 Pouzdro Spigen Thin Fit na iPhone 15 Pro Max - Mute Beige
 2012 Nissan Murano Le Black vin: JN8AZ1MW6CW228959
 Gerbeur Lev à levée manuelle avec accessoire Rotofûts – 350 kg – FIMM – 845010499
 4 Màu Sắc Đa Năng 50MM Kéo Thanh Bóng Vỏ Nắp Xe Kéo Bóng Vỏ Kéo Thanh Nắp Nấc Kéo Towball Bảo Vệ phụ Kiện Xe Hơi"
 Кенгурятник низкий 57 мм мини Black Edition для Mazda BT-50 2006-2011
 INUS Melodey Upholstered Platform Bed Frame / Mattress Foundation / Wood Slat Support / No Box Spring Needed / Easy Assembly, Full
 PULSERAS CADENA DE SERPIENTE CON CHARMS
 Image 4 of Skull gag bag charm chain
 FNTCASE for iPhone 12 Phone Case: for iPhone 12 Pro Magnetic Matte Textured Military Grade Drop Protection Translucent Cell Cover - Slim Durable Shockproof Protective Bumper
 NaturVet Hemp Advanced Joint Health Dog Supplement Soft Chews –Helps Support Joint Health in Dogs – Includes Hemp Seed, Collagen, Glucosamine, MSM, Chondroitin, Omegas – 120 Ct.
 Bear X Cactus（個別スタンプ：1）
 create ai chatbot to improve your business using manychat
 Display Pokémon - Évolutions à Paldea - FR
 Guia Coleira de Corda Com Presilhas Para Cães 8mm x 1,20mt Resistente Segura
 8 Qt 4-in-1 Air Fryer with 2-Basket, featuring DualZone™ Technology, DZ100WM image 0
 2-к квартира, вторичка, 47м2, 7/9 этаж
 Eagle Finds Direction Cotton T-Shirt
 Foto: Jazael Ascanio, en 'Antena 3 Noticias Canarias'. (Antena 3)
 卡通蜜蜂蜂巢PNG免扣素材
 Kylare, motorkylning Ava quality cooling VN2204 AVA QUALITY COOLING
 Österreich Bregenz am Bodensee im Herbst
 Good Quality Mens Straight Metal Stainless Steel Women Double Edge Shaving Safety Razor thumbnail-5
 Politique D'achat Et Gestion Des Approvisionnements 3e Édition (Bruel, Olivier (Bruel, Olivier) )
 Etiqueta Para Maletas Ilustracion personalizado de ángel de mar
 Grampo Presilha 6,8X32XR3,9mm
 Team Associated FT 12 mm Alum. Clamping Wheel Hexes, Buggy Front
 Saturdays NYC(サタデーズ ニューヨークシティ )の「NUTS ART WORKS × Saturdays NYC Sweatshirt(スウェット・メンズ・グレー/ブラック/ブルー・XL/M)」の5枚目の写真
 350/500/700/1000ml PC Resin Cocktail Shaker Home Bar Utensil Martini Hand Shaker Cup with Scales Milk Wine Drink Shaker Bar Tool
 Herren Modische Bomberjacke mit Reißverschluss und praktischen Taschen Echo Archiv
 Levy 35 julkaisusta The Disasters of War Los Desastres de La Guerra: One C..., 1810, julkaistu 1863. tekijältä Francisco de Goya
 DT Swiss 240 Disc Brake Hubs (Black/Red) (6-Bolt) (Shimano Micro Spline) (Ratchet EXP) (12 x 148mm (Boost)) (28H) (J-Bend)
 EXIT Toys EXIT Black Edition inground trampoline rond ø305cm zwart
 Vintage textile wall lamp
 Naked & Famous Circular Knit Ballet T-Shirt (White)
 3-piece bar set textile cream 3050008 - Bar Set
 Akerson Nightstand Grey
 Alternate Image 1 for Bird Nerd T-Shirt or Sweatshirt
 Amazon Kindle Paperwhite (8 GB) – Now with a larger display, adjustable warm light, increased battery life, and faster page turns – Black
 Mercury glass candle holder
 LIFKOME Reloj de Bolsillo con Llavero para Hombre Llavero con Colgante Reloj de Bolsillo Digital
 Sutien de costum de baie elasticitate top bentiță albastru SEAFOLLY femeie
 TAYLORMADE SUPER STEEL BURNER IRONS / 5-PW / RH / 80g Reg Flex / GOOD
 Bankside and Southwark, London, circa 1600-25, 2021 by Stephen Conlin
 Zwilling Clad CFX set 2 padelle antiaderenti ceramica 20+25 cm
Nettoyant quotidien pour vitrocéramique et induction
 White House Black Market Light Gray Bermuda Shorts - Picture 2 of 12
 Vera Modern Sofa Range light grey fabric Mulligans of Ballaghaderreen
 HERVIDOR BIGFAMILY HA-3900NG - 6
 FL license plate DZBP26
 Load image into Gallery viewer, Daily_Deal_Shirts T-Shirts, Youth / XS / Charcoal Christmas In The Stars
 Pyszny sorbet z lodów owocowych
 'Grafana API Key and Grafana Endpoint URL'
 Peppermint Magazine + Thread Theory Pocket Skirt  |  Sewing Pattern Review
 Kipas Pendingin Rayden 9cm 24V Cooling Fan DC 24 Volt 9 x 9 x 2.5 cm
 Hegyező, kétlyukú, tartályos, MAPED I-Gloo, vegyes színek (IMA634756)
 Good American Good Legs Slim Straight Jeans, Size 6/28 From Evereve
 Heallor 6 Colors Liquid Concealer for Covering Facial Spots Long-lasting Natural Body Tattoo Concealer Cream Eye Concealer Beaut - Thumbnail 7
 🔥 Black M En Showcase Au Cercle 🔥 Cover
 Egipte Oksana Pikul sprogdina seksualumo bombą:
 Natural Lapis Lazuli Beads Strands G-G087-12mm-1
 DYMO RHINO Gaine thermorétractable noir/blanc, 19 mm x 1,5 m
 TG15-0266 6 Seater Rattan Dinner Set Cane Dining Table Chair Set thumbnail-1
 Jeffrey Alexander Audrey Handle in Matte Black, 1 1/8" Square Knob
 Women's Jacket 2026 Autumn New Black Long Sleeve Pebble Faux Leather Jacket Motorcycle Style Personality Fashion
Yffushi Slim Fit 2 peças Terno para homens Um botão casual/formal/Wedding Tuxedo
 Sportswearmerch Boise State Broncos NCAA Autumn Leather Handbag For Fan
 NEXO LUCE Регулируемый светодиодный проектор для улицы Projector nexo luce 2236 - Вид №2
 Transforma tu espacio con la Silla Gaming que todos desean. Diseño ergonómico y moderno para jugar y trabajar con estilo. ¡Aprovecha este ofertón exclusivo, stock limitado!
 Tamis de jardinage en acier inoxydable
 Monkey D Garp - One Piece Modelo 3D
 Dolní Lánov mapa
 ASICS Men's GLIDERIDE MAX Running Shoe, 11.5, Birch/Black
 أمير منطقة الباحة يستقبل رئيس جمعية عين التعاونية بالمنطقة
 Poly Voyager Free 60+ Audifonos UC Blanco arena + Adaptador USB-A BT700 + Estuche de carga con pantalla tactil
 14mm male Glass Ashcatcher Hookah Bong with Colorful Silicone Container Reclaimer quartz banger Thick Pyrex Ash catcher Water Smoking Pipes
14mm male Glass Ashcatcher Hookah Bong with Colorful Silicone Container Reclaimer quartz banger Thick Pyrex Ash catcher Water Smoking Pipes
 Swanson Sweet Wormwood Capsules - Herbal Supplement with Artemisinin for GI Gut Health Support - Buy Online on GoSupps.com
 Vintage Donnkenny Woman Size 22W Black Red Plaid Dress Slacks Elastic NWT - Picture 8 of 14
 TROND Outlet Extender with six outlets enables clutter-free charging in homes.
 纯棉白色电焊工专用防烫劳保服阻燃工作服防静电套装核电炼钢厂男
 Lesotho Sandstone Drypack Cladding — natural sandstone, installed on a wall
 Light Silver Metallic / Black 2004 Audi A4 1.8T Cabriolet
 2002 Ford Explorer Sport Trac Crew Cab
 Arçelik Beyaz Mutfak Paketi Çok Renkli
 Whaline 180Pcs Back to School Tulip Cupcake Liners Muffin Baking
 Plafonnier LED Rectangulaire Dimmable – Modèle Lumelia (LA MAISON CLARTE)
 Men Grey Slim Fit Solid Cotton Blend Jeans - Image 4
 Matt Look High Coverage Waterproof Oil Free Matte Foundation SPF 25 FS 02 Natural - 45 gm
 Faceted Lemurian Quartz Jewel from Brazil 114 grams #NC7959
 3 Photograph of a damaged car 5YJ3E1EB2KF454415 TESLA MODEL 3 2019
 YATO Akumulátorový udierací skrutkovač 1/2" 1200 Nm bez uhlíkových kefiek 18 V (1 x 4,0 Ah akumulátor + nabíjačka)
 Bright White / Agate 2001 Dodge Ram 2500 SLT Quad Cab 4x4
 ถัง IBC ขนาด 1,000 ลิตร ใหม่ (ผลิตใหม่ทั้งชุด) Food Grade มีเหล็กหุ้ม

▸ ASSIGNED TASK: Among the records above, only the lines between the line holding "Zwilling Clad CFX" and the line holding "FL license plate DZBP26", inclusive, are to be output, exactly as written.

▸ WRITTEN ANSWER:
 Zwilling Clad CFX set 2 padelle antiaderenti ceramica 20+25 cm
Nettoyant quotidien pour vitrocéramique et induction
 White House Black Market Light Gray Bermuda Shorts - Picture 2 of 12
 Vera Modern Sofa Range light grey fabric Mulligans of Ballaghaderreen
 HERVIDOR BIGFAMILY HA-3900NG - 6
 FL license plate DZBP26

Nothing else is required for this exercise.